Time for Something New

paris

I’ve never questioned my preference for black Men. Since coming to France, I have had to open myself to Something New. This happened for several reasons…first, I wanted to be open to finding love despite its packaging and secondly…out of necessity. What does that mean? After being here for a few months, I realized that when I was out French brown men did not approach me.

Even when my French friend Gail’s boyfriend Leonelle whose parents are from Martinique—(read brown skin) introduced me to his friends, I would not be telling the truth if I didn’t say I noticed that all of his brown friends were with French women (read: not of color).

There was a lesson for me to learn. Too often African-American women potentially miss out on true love by limiting themselves to only black men. As the months have passed in France, I quickly realized if I followed the “only date black men” rule I had in the States that I would be alone here in France.

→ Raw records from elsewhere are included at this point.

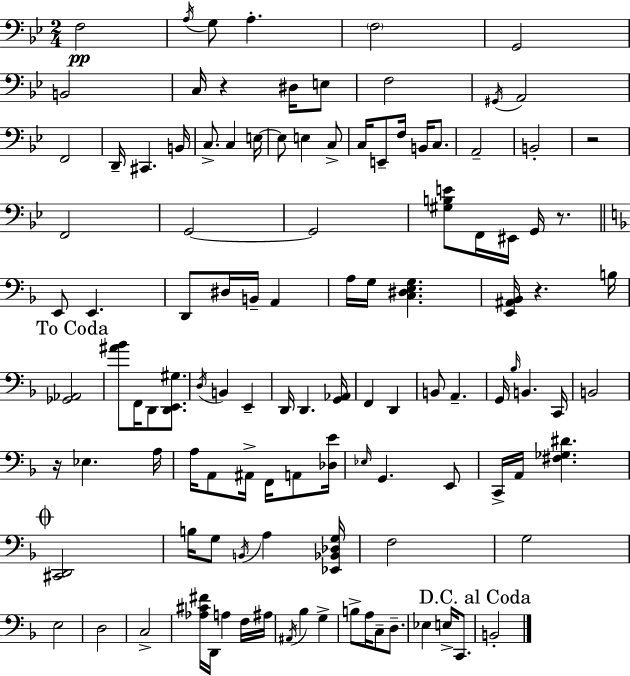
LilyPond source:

{
  \clef bass
  \numericTimeSignature
  \time 2/4
  \key bes \major
  \repeat volta 2 { f2\pp | \acciaccatura { a16 } g8 a4.-. | \parenthesize f2 | g,2 | \break b,2 | c16 r4 dis16 e8 | f2 | \acciaccatura { gis,16 } a,2 | \break f,2 | d,16-- cis,4. | b,16 c8.-> c4 | e16~~ e8 e4 | \break c8-> c16 e,8-- f16 b,16 c8. | a,2-- | b,2-. | r2 | \break f,2 | g,2~~ | g,2 | <gis b e'>8 f,16 eis,16 g,16 r8. | \break \bar "||" \break \key d \minor e,8 e,4. | d,8 dis16 b,16-- a,4 | a16 g16 <c dis e g>4. | <e, ais, bes,>16 r4. b16 | \break \mark "To Coda" <ges, aes,>2 | <ais' bes'>8 f,16 d,8 <d, e, gis>8. | \acciaccatura { d16 } b,4 e,4-- | d,16 d,4. | \break <g, aes,>16 f,4 d,4 | b,8 a,4.-- | g,16 \grace { bes16 } b,4. | c,16 b,2 | \break r16 ees4. | a16 a16 a,8 ais,16-> f,16 a,8 | <des e'>16 \grace { ees16 } g,4. | e,8 c,16-> a,16 <fis ges dis'>4. | \break \mark \markup { \musicglyph "scripts.coda" } <cis, d,>2 | b16 g8 \acciaccatura { b,16 } a4 | <ees, bes, des g>16 f2 | g2 | \break e2 | d2 | c2-> | <aes cis' fis'>16 d,16 a4 | \break f16 ais16 \acciaccatura { ais,16 } bes4 | g4-> b8-> a16 | c8-- d8.-- ees4 | e16-> c,8. \mark "D.C. al Coda" b,2-. | \break } \bar "|."
}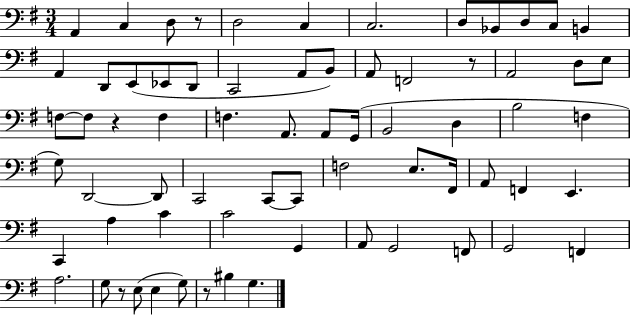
{
  \clef bass
  \numericTimeSignature
  \time 3/4
  \key g \major
  a,4 c4 d8 r8 | d2 c4 | c2. | d8 bes,8 d8 c8 b,4 | \break a,4 d,8 e,8( ees,8 d,8 | c,2 a,8 b,8) | a,8 f,2 r8 | a,2 d8 e8 | \break f8~~ f8 r4 f4 | f4. a,8. a,8 g,16( | b,2 d4 | b2 f4 | \break g8) d,2~~ d,8 | c,2 c,8~~ c,8 | f2 e8. fis,16 | a,8 f,4 e,4. | \break c,4 a4 c'4 | c'2 g,4 | a,8 g,2 f,8 | g,2 f,4 | \break a2. | g8 r8 e8( e4 g8) | r8 bis4 g4. | \bar "|."
}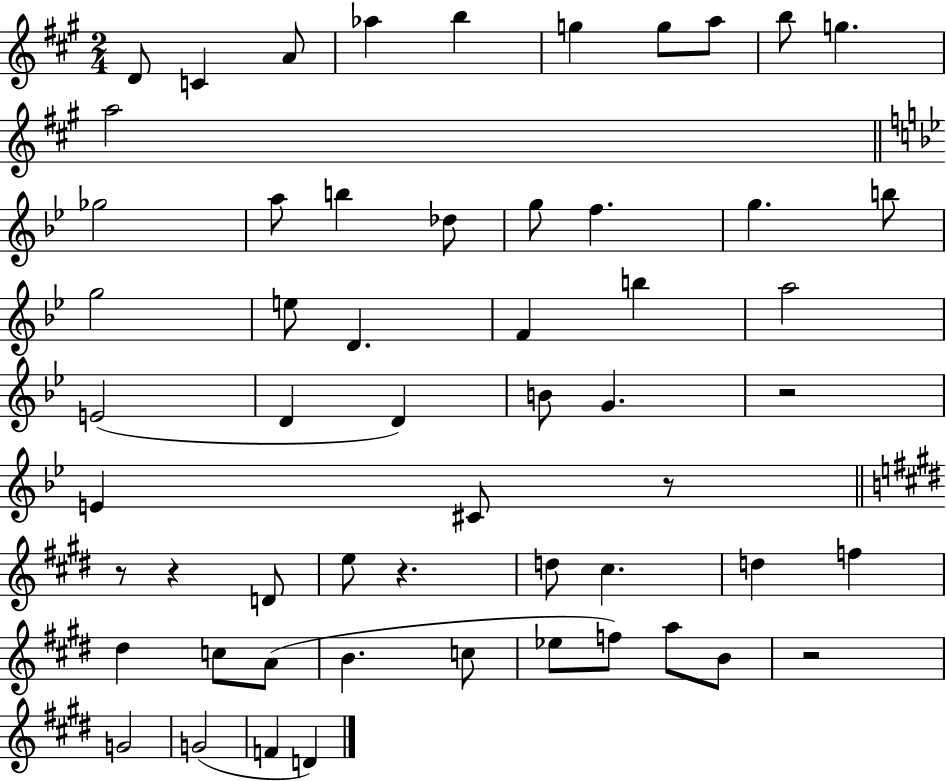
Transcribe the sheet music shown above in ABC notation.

X:1
T:Untitled
M:2/4
L:1/4
K:A
D/2 C A/2 _a b g g/2 a/2 b/2 g a2 _g2 a/2 b _d/2 g/2 f g b/2 g2 e/2 D F b a2 E2 D D B/2 G z2 E ^C/2 z/2 z/2 z D/2 e/2 z d/2 ^c d f ^d c/2 A/2 B c/2 _e/2 f/2 a/2 B/2 z2 G2 G2 F D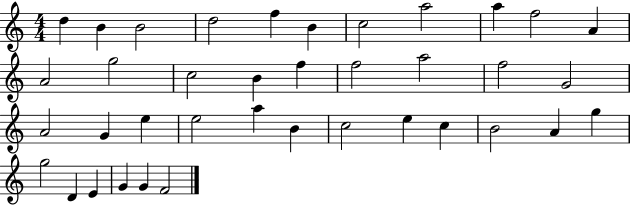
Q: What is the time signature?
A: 4/4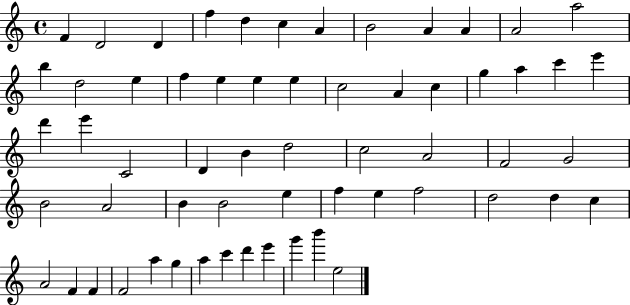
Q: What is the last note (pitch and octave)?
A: E5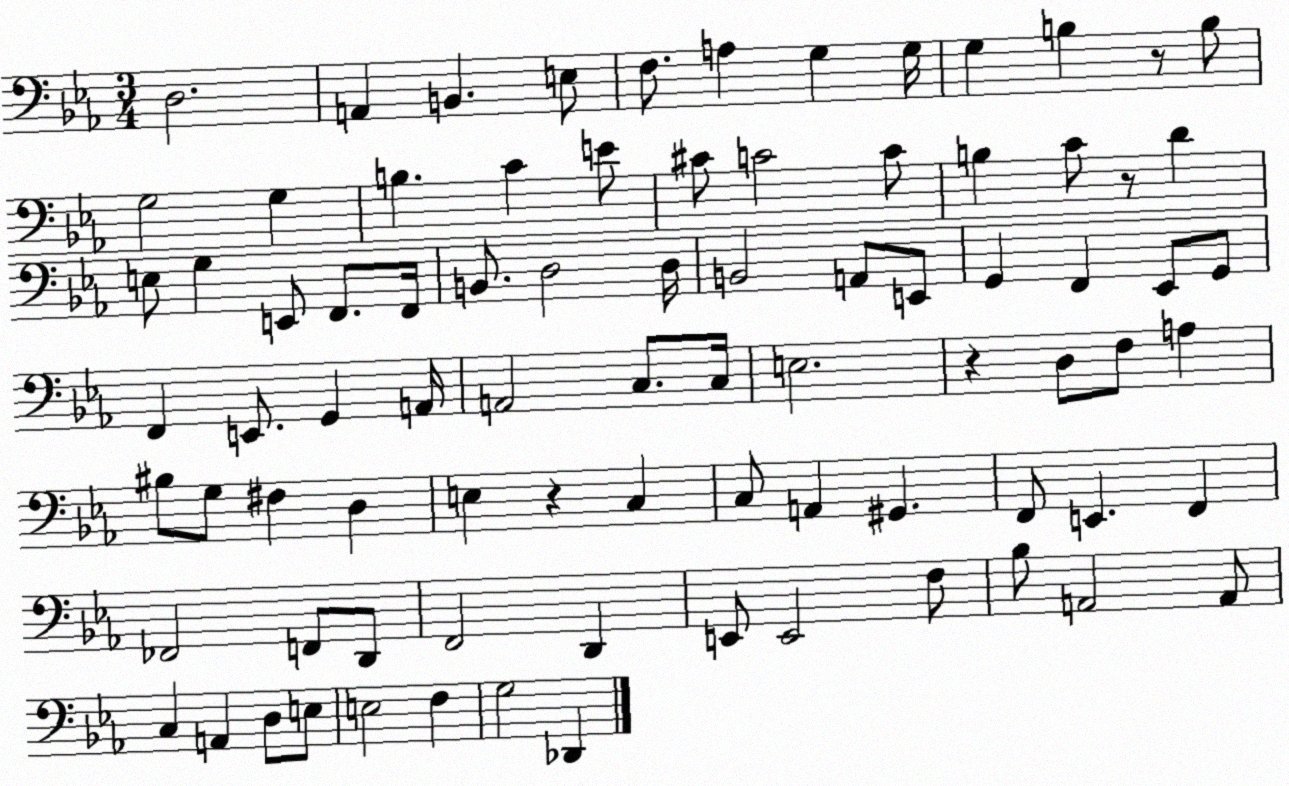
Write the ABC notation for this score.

X:1
T:Untitled
M:3/4
L:1/4
K:Eb
D,2 A,, B,, E,/2 F,/2 A, G, G,/4 G, B, z/2 B,/2 G,2 G, B, C E/2 ^C/2 C2 C/2 B, C/2 z/2 D E,/2 G, E,,/2 F,,/2 F,,/4 B,,/2 D,2 D,/4 B,,2 A,,/2 E,,/2 G,, F,, _E,,/2 G,,/2 F,, E,,/2 G,, A,,/4 A,,2 C,/2 C,/4 E,2 z D,/2 F,/2 A, ^B,/2 G,/2 ^F, D, E, z C, C,/2 A,, ^G,, F,,/2 E,, F,, _F,,2 F,,/2 D,,/2 F,,2 D,, E,,/2 E,,2 F,/2 _B,/2 A,,2 A,,/2 C, A,, D,/2 E,/2 E,2 F, G,2 _D,,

My suspicions were confirmed last week while out with Sydney, an American friend, and Alexis, who is from the UK and not brown. We were having drinks at a bar I frequent. Everyone at the bar showers us with attention except one bartender who ironically, besides us, is the only other person of color. Interestingly enough this night he begins chatting us up immediately...Sydney thought it was because he was interested in Alexis. Alexis and the bartender went out the next night. After the date she told us that the reason the bartender did not talk to us is that he said he is not attracted to black women.

I mentioned this to a French guy Med who is friends with the bartender. Med thought about it for a second and then dropped a bomb. He said as a matter of fact none of the French Noire (read: black) friends he grew up with are attracted to black women. Then he asked me why I think this is and if this happens in the States. I was quiet when I realized that I didn’t have enough words in my French vocabulary to do service to the topic. But I have to admit I have been thinking about it every since.

Thoughts ladies?

-French Kissed

Want to feel like you’re traveling without moving? Read the rest of French Kissed’s experiences here.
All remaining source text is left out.